Esta revelación de la realeza del Señor tiene profundas consecuencias para nuestra vida cristiana. Si cada discípulo de Jesús es rey por el bautismo, esto dice algo de la manera en que él o ella debe encarar su misión, su relación con sus hermanos y su mundo.
El Reinado de Dios se hace presente hoy de la misma manera que siempre. Hay una cierta manera de amar, una caridad "al estilo del Reino" que es nuestro modelo. Si bien obviamente el amor del cristiano reviste numerosas características, la fiesta de hoy nos invita a recordar especialmente el despojo de todo anhelo de poder, autoreferencialidad y dominio que muestra Jesús en el Evangelio. Pero no simplemente por convicción moral, porque es "lo que hay que hacer". Sino porque además esta es la manera de evangelizar. Es el único amor que transforma en serio, desde adentro.
Creo que puede ser un buen parámetro de revisión de nuestras relaciones. Tenemos tan metido adentro el deseo de dominar, de ganar, de imponernos... Jean Vanier, un profeta de la fragilidad lanzaba esa pregunta inquietante: "'¿Qué queremos, realmente? ¿Queremos ganar, o queremos entrar en comunión?". El amor del Reino, del Rey, elige la comunión. Esa manera de relacionarse que porque no se impone hace lugar para todos. Son los gestos que, como el de Jesús con el buen ladrón, abren el cielo una y otra vez. Esos que nuestra sociedad necesita, especialmente con nuestros hermanos excluidos.

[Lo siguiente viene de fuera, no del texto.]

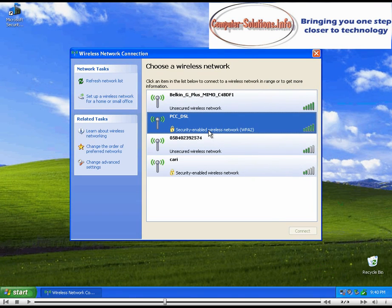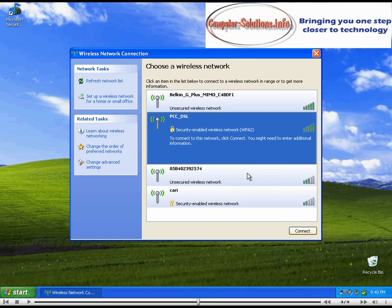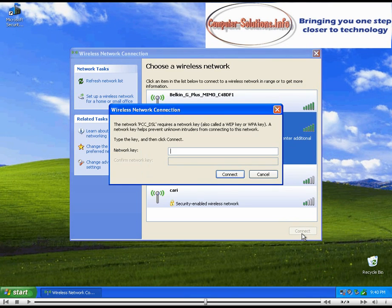Select the wireless router that you are trying to connect to, then click Connect. Type in the password that was set previously in your router for wireless security, then click Connect.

Pienso en nuestra Iglesia, y en la necesidad urgente de seguir sacudiéndonos de encima tanta lógica de poder que rige más de una actitud y una estructura. "Entre ustedes no debe ser así", decía el Señor a los apóstoles. Creo que hoy hay pocos testimonios tan importantes como el que la Iglesia puede dar de cara a su manera de entender, presentar y vivir su relación con el poder y la autoridad.

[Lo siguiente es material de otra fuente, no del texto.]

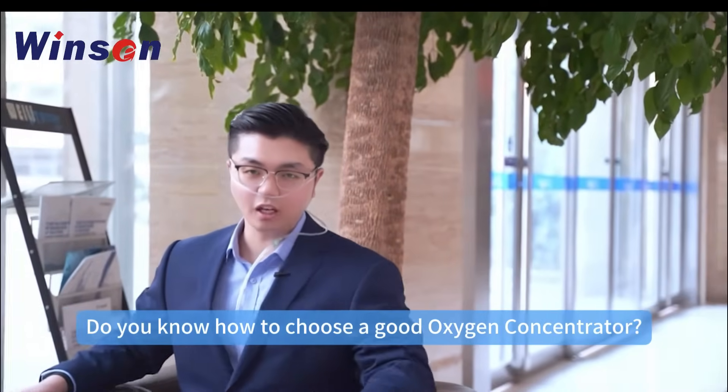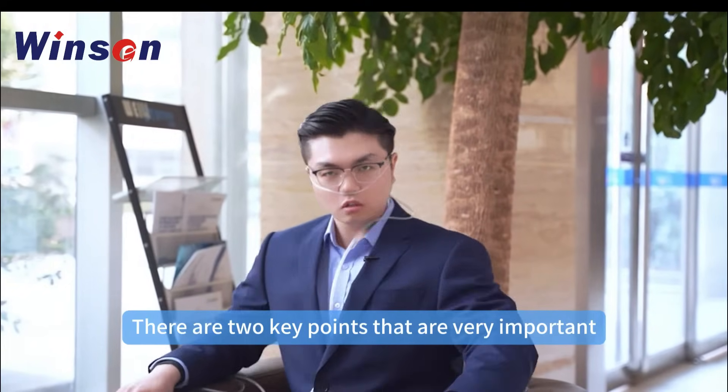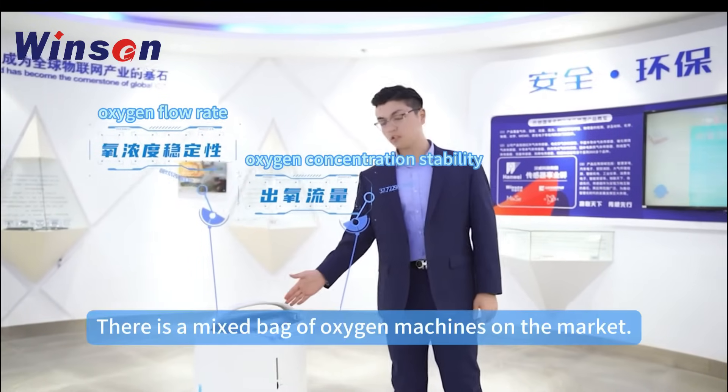Do you know how to choose a good oxygen concentrator? There are two key points that are very important. Winson will help you find out: they are the oxygen flow rate and oxygen concentration stability.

Es en la Eucaristía, como siempre, donde se nos regala este amor que nos convierte y nos lleva por el camino del Reino. El Rey Cordero, el Crucificado y Resucitado, pone la mesa y se acerca para hacernos entrar en comunión con él y entre nosotros. En este gesto de servicio supremo, su Pascua renovada, se hace presente otro mundo, el definitivo, que se anticipa en cada celebración. Así, intuimos que las cosas pueden ser de otra manera. Pero sobre todo, renovamos nuestro entusiasmo en trabajar para que así sea. Para que nuestro mundo, nuestra tierra, nuestra Iglesia, sean más parecidas al Reino, más según el Evangelio... según el corazón de Jesús, nuestro Rey.